→ Instructions to follow
Output the lines of the records exactly, from the first through the one containing "Businessman falling asleep". Omit all pictures.

===== Data for review

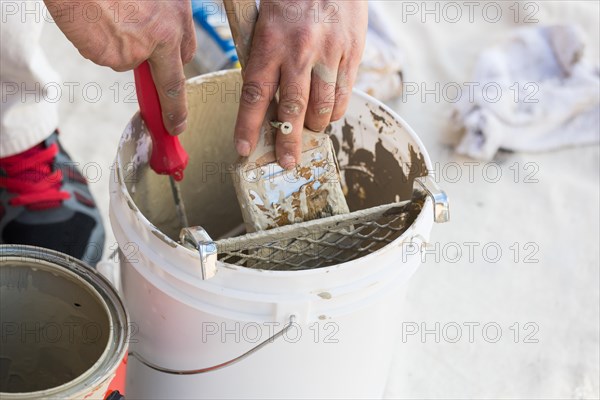 Professional painter loading paint onto his brush from A bucket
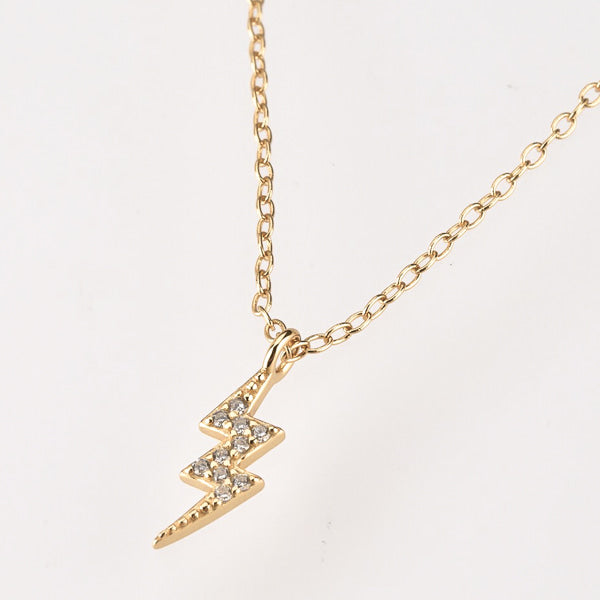 Gold lightning bolt necklace details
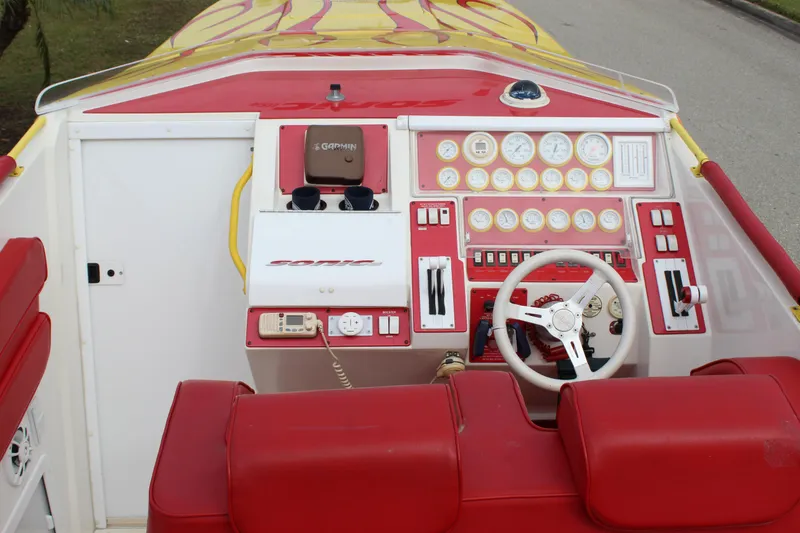 Slide: The Image of 2001 Sonic 42 SS boat dashboard with red and white controls and steering wheel. - 33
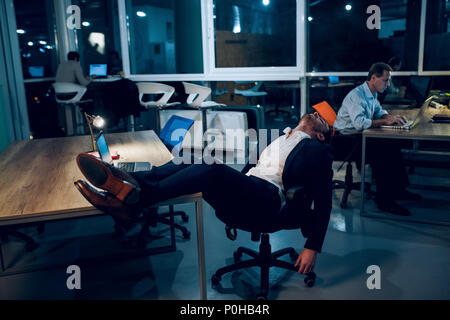 Businessman falling asleep during work. Stock Photo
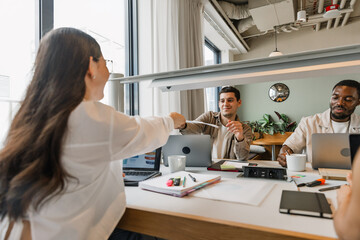 A male and female employee hold documents above a table where they sit next to two other employees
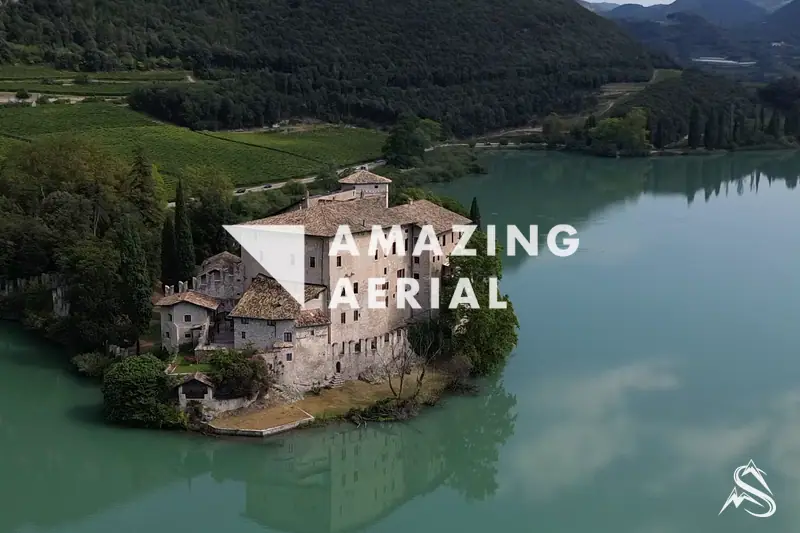 Aerial of Castel Toblino on its wooded spit, vineyards and cypresses behind it above the green lake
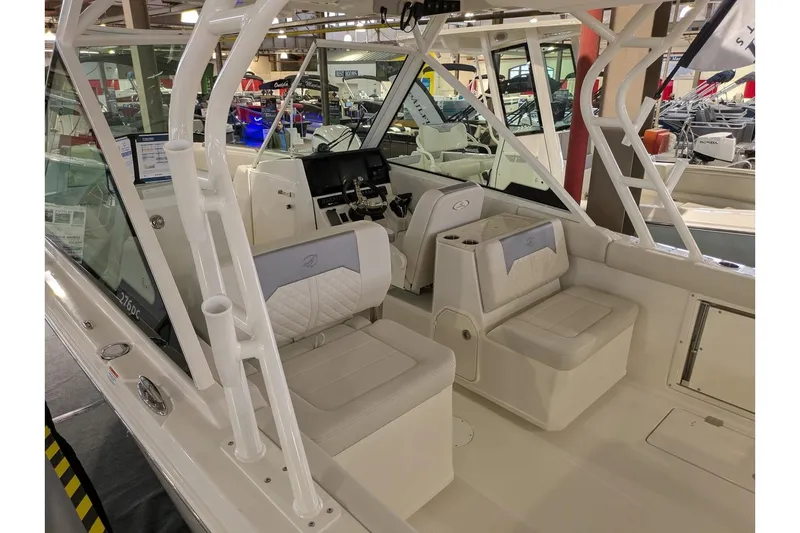 Slide: The Image of 2025 Sailfish 276 DC boat interior with seating and helm station. - 25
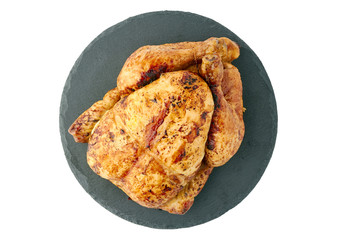 Roasted crispy chicken on round slate dish over white background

==========

→ Finished exercise
 Professional painter loading paint onto his brush from A bucket
 Gold lightning bolt necklace details
 Slide: The Image of 2001 Sonic 42 SS boat dashboard with red and white controls and steering wheel. - 33
 Businessman falling asleep during work. Stock Photo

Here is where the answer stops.